İkinci sırada söz alan Azerbaycan’ın millî kahramanı, Karabağ gazisi Em. Yb. Vahid Guliyev, savaşa katılması ve tanıklıklarıyla ilgili özet olarak şunları söyledi. Ben Karabağ Savaşı sırasında bir elektronik fabrikasında mühendistim. Bir Ağdamlı olmanın da verdiği bir istekle vatan savunmasına gönüllü olarak orduya başvurdum ve yedek subay olarak savaşa dahil oldum. Bize üniversitelerde askerî eğitim verdiler, çünkü Azerbaycan ordusunda yeterince teknik donanımlı subay yoktu; Sovyet döneminde Türkleri teknoloji çalışmaları ve stratejik alanlardan uzak tuttular. Ben, tank ve tanksavar eğitimi aldım ve cepheye vardığımda bu alandaki donanımın neredeyse çalışmadığını gördüm. Biz eğitmekle sorumlu Rus subayı, bizi adeta eğitimden uzak tutuyordu. Çalışmayan tank ve tanksavarları incelediğimde, güya bir denetimle bunların hepsini elektronik beyinlerini ve kullanım kitapçıklarının alındığını gördüm. Tesadüfen elimize geçen bir beyini, elektronik fabrikamızda çoğaltarak, tanklarımızı ve tanksavarlarımızı çalıştırdık. Sonra bizzat Ağdam’a giderek cepheye katıldım. Orada ve daha sonra bulunduğum Laçin Koridoru görevimde onlarca düşman tank ve zırhlı aracını imha ettim. Hocalı’dan gelen subay arkadaşlarımın anlattıklarını dinleyince olayın vahametini bir kere daha derinden hissettim. Bırakın maruz kalan, tanık olanı, dinleyeni bile delirtecek işkence ve soykırım yapılmıştı…

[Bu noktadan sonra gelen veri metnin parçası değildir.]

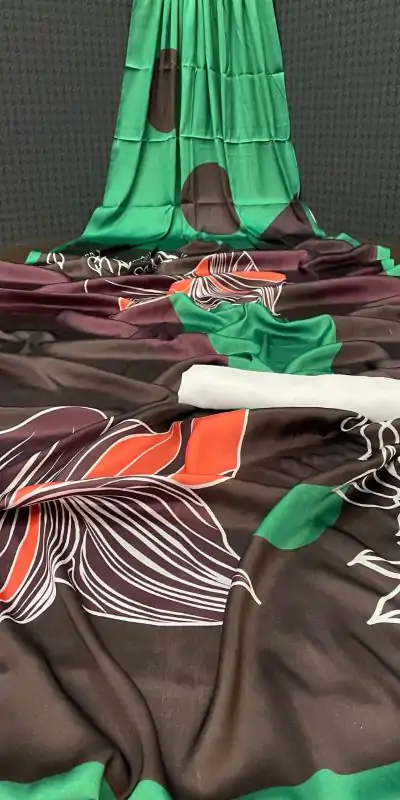 Veechis RUHI Green Color Heavy Devsena Soft Silk Beautiful Digital Printed Saree Casual, Party Festive, Events. Expected Delivery 4-6 Working Days @1499 | Bollywood Sarees, Creative Sarees, Designer Sarees, Embroidered Sarees, Modern Digital sarees, Party Wear Sarees, Sarees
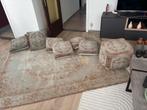 Tapijten 7 kussen + poef, Huis en Inrichting, Tafels | Bijzettafels, Ophalen, Zo goed als nieuw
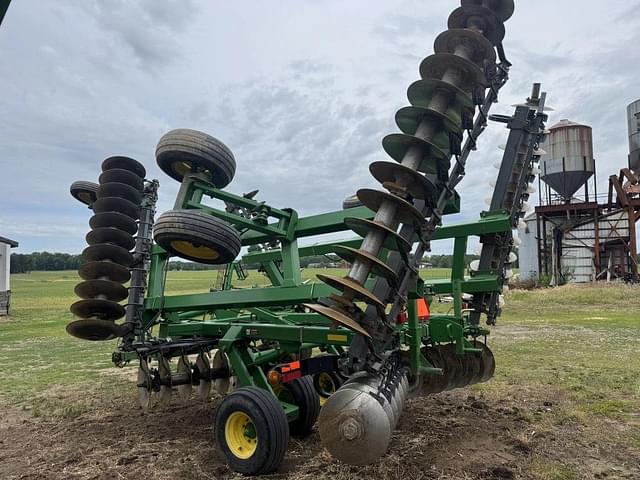Image of John Deere 637 equipment image 2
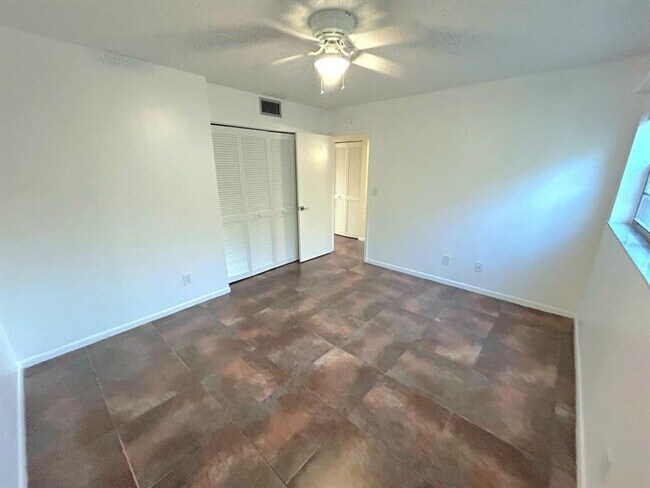 Building Photo - 4147 NW 90th Ave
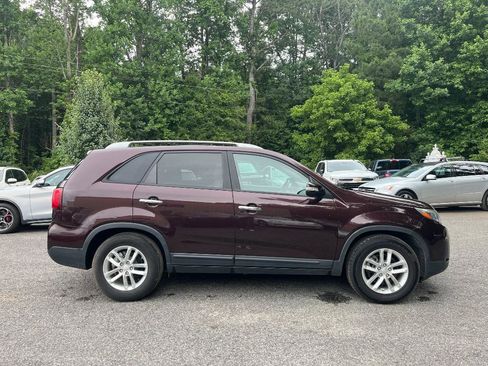 Used 2014 Kia Sorento LX FWD image 11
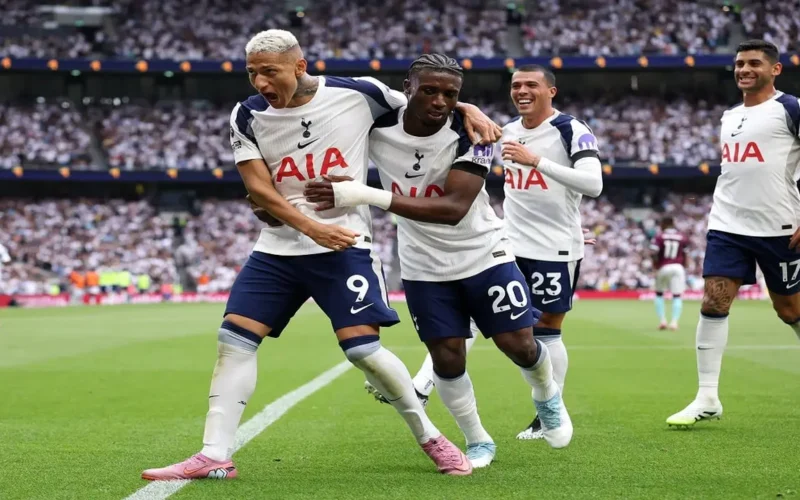 توتنهام يعد عرضًا بـ50 مليون إسترليني لجوهرة مانشستر سيتي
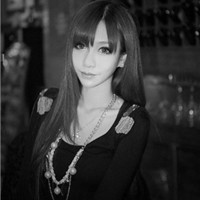 �ڰ�Ů������ͷ��,��Ȼֻ�л�ɫ���������˸�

Sonuç olarak, Ermeniler, bu kadar zulüm, katliam ve soykırımı tek başlarına yapmadılar, bunu bizzat kendim vurduğum tankların içinden çıkan askerlerin, Rus, Zenci ve Arap Ermenisi olduklarına tanık olarak gördüm, bunu tarafsız Rus gazeteci, araştırmacılar da defalarca belirttiler diyen Guliyev, o günkü Karabağ ve diğer yerlerdeki işgalin de, işgalin son bulmamasının arkasında da büyük ölçüde Rusların olduğunun unutulmaması gerektiğinin vurgulayarak sözlerini tamamladı.

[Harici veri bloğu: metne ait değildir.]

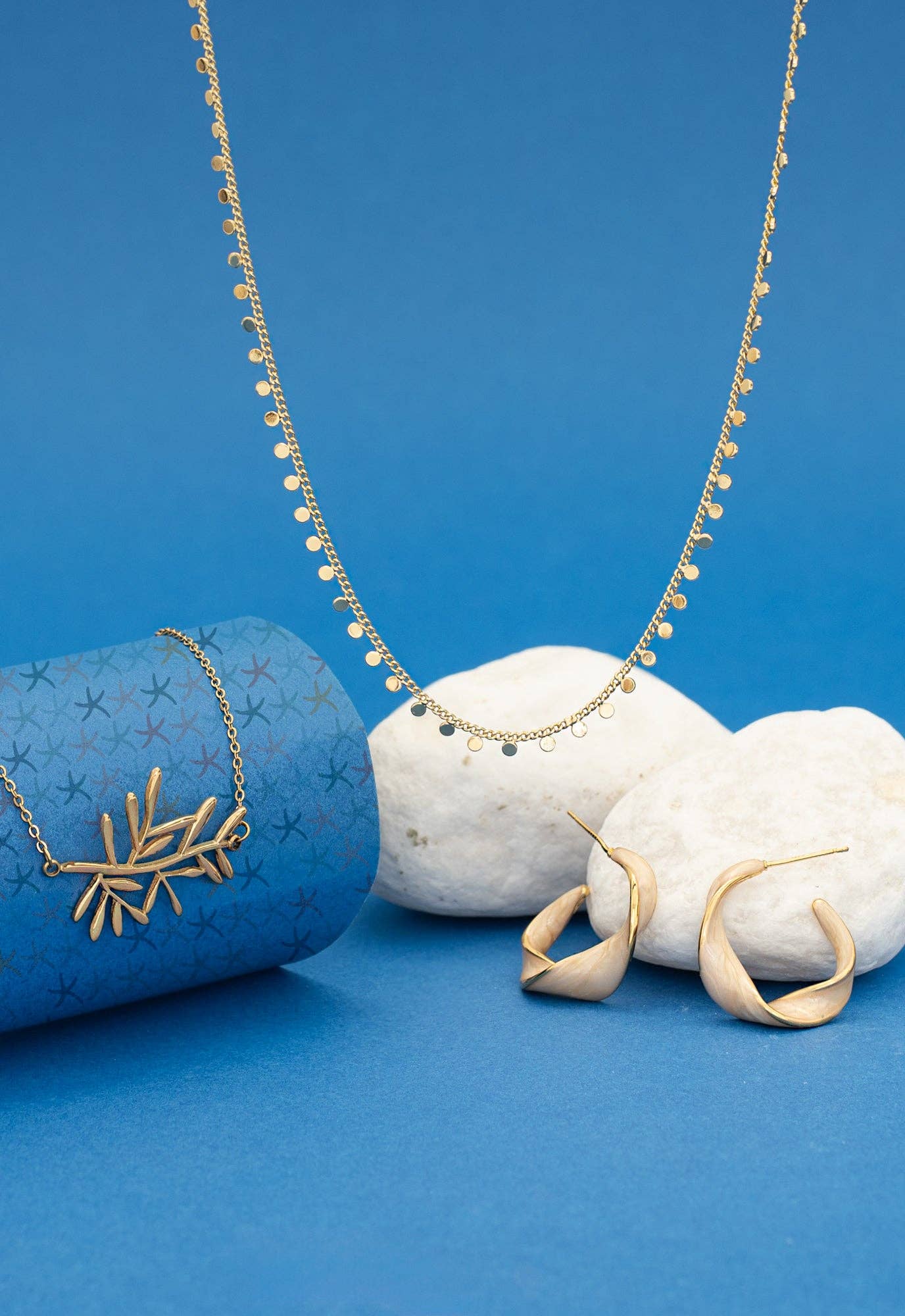 Joyful Radiance Necklace in Gold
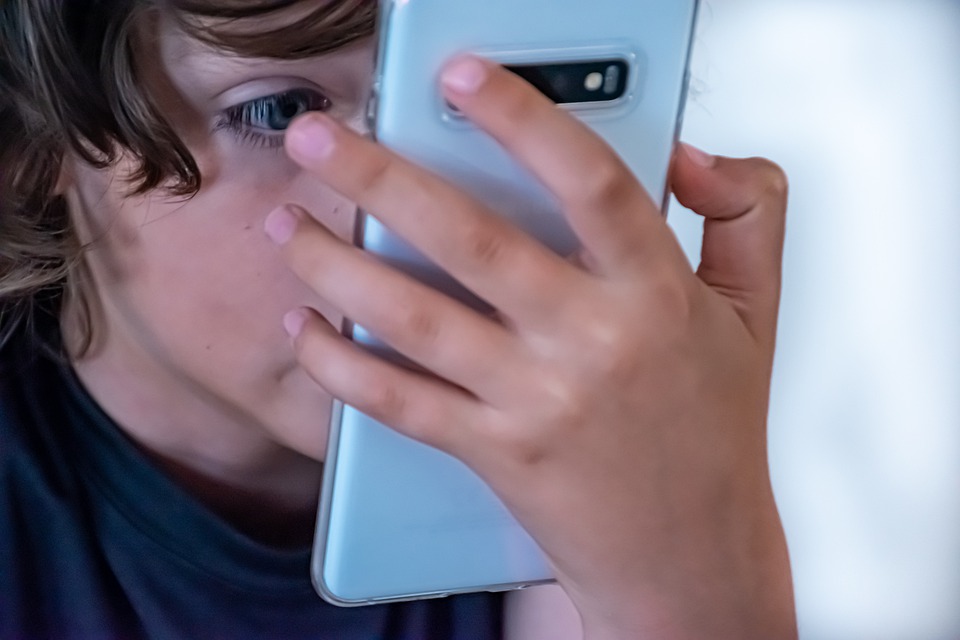RECOMIENDAN CONTROLAR EL USO DE DISPOSITIVOS EN NIÑAS Y NIÑOS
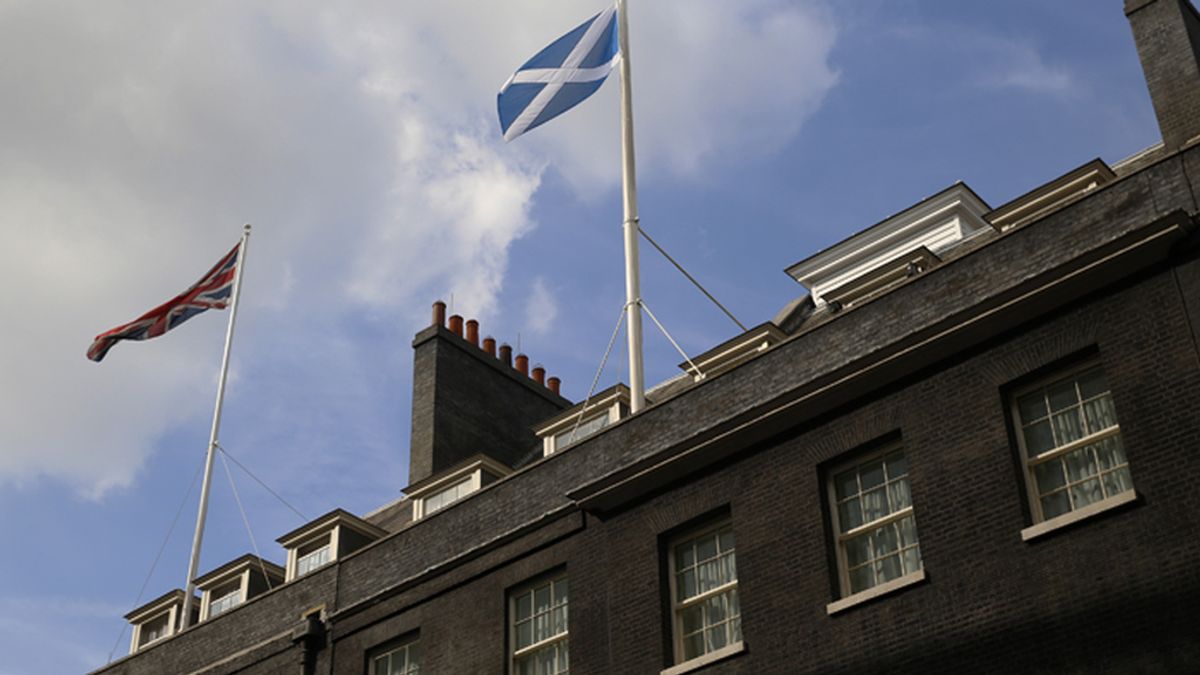 Las banderas del Reino Unido y Escocia ondean junta en Downing Street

Oturum başkanlığını da yapan son konuşmacımız Seyfeddin Hüseynli, Ermenilerin iddia ettiğinin tam tersine “Hocalı neden bir soykırımdır?” bunu açıklığa kavuşturmamız gerekir, diyerek sözlerine başladı. Savunmasız erkek, kadın, çocuk kim olursa olsun, bir insan veya binlerce insan fark etmez, millî kimliğinden dolayı vahşice öldürülüyorsa, bunun adının “soykırım” olduğunu belirten Hüseynli, işte Hocalı’da yapılan bu tanıma fazlasıyla uyduğu için bir “soykırım”dır dedi. Ermenilerin, kendimizi Sovyet sisteminin ortaya koyduğu ifade şekilleriyle başka adlandırsak da, bizi Türk olduğumuz için soykırıma uğrattıklarını kayıtlara geçirdiklerini belirten Hüseynli, bu gerçeğin hiçbir zaman unutulmamasının çok önem arz ettiğini söyledi.

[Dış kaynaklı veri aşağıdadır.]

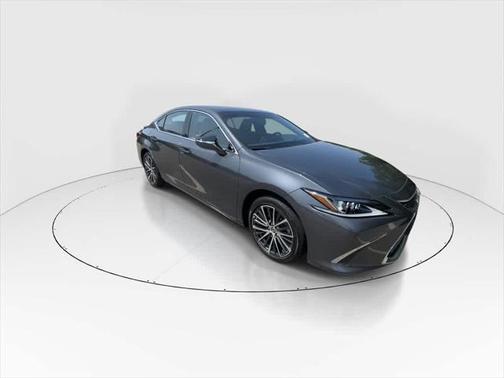 2022 Lexus ES 350 Base
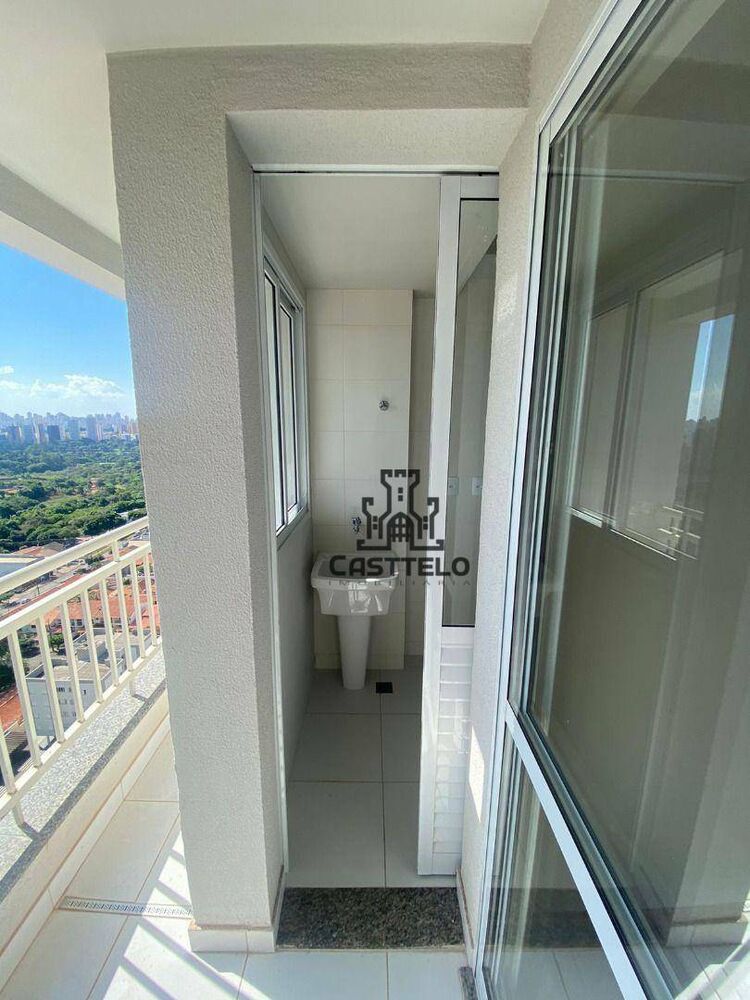 Apartamento à venda com 2 quartos, 70m² - Foto 7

Türk milletinin, Göktürk Yazıtları’nda da belirtildiği gibi, geçmişi unutmak gibi bir zaafının olduğunu, bu sebeple tarih boyunca büyük acılar çektiğini, Hocalı Soykırımı’nın da bunun sonuçlarından biri olduğunu belirten Hüseynli, bu sebeple Hocalı Soykırımı’nın Azerbaycan’da şairler, yazarlar ve diğer sanatçılar tarafından etkili bir şekilde işlendiğini ve dünya kamuoyuna da iletildiğini, böylece dünyanın bu acı gerçeği daha iyi algıladığını söyledi. Hüseynli, bu yöndeki faaliyetlerin, sadece Azerbaycan’da değil Türk Dünyası’nın her yerinde gün görmesinin önemine değinerek, bu bağlamda Hocalı Soykırımı’nı yakından hissetmek için, Ceyhun Memmedov’un “Feryat” filminin mutlaka izlenmesini istedi.
Sorunsuz bir arada yaşadığımız Ermenilerin, 1988’den başlayarak, birden nasıl soğuklaşıp düşman kesildiklerine bizzat tanık olduklarını; bu sebeple kimliğin çok önemli olduğunu, bizim hiçbir millete karşı topyekun bir karalama içerisinde olamadığımızı, ama kimliğine karşı dost düşman unsurların yeni kuşaklar tarafından unutulmaması gerektiğine vurgu yapan Hüseynli, sözlerini bu hususa dikkat çeken Ziya Gökalp’in “Durma Vur” adlı şiiriyle tamamladı.
Dinleyicilerin katkıları ve sorularıyla genişleyen konferansın ardından konuk konuşmacılarımız, Vakıf Genel Başkanımız Közhan Yazgan’a, Genel Müdürümüz Saadet Yıldırım’a ve Eğitim Kültür Müdürümüz Metin Köse’ye konferans anısına plaket takdim ettiler. Genel Başkanımız Közhan Yazgan da, konuşmacılarımızın herbirine Türk’ün bağımsızlık simgesi olan Bozkurt heykeli takdim etti.